The death of 49-year-old Herzberg may be unremarkable on the scale of traffic accident statistics, but as scrutiny of the technology intensifies, and public opinion cools, it may delay what once seemed an inevitable march towards the adoption of autonomous cars.

Uber self-driving car fatal crash: Arizona police release shocking dash cam video

For those in the know, that will come as no surprise. Uber’s own data reveals how far its driverless cars really are from taking over from humans.

A document leaked a year ago revealed that the average distance Uber’s driverless test cars could manage before a backup driver was forced to intervene was just 0.8 miles. During a week in 2017 in which Uber’s 43 test cars in Pittsburgh drove more than 20,000 miles, drivers intervened on 25,000 occasions.

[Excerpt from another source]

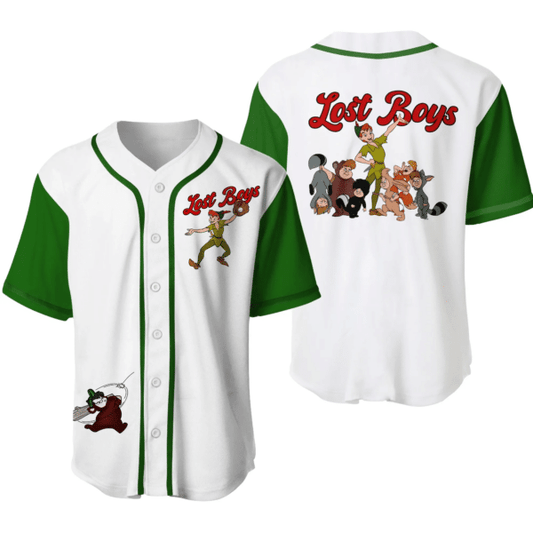 Disney Peter Pan Jersey Disney Character Peter Pan The Lost Boys Graphic White Green Jersey Shirt Disney Peter Pan Baseball Jersey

For a time Uber was banned from testing its driverless Volvos in San Francisco, which is one reason it decamped to Arizona, where regulation is looser — though tests in California later resumed.

Christian Wolmar, the author of Driverless Cars: On a Road to Nowhere, points out that Uber has led the charge towards autonomy, believing it offers a cheaper and safer alternative to human drivers.

“In January 2015 the company claimed that entirely autonomous taxis would be available in 2018 and [bosses expected] Uber’s fleet to be entirely driverless by 2030. In reality, the performance [of its cars] demonstrates just how far away full-scale autonomy is.”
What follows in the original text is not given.